Your instructions -> Please write out all of the data below exactly, without including the pictures.

Data below ->
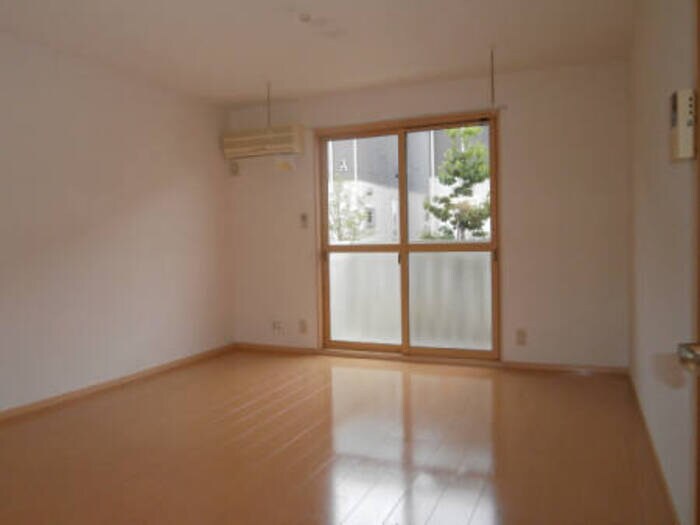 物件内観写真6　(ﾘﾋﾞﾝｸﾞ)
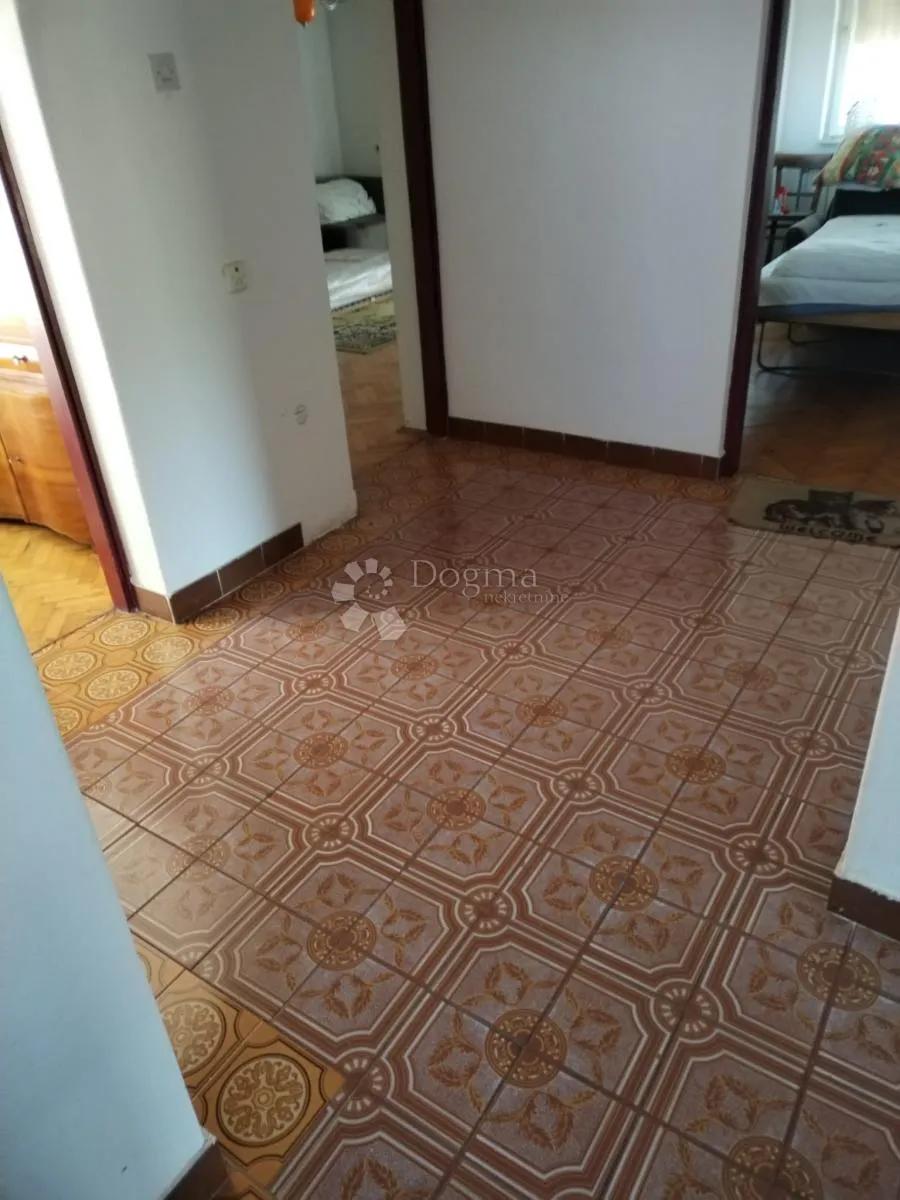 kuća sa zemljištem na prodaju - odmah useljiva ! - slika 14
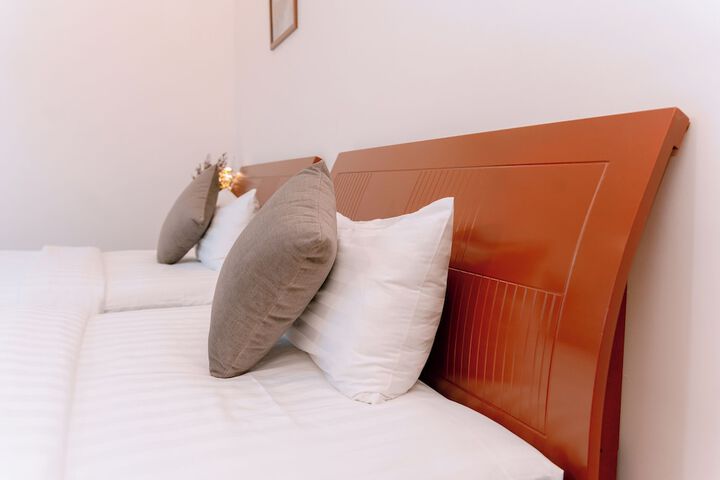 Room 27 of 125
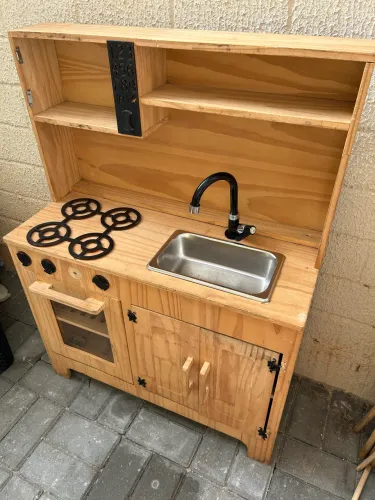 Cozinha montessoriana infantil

Result of the exercise ->
 物件内観写真6　(ﾘﾋﾞﾝｸﾞ)
 kuća sa zemljištem na prodaju - odmah useljiva ! - slika 14
 Room 27 of 125
 Cozinha montessoriana infantil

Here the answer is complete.